It’s condition is great. The pages seem unread while the cover has slight west. It doesn’t seem like it’s been read since the pages and binding have that new book tightness; and the pages/binding haven’t been pressed down to read. The cover has slight wear at the corners and edges.


Per Wikipedia: ‘… is an unfinished satirical dark comedy novel by Czech writer Jaroslav Hašek, published in 1921–1923, about a good-humored, simple-minded, middle-aged man who appears to be enthusiastic to serve Austria-Hungary in World War I.’ ‘It is the most translated novel of Czech literature (58 languages in 2013).’

‘A number of literary critics consider The Good Soldier Švejk to be one of the first anti-war novels, predating Erich Maria Remarque's All Quiet on the Western Front. Joseph Heller said that if he had not read The Good Soldier Švejk, he would never have written his novel Catch-22.
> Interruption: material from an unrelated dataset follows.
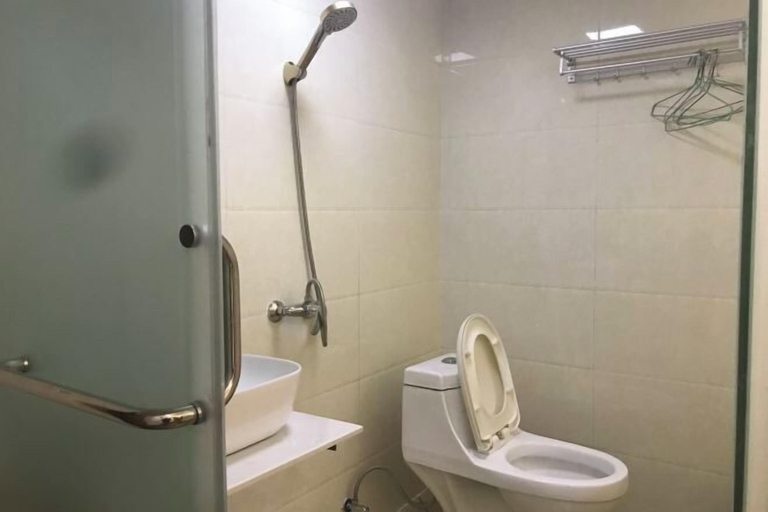 Bathroom, A Good Year, Xiangxi Tujia and Miao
Many of the situations and characters seem to have been inspired, at least in part, by Hašek's service in the 91st Infantry Regiment of the Austro-Hungarian Army. The novel also deals with broader anti-war themes: essentially a series of absurdly comic episodes, it explores the pointlessness and futility of conflict in general and of military discipline, Austrian military discipline in particular. Many of its characters, especially the Czechs, are participating in a conflict they do not understand on behalf of an empire to which they have no loyalty.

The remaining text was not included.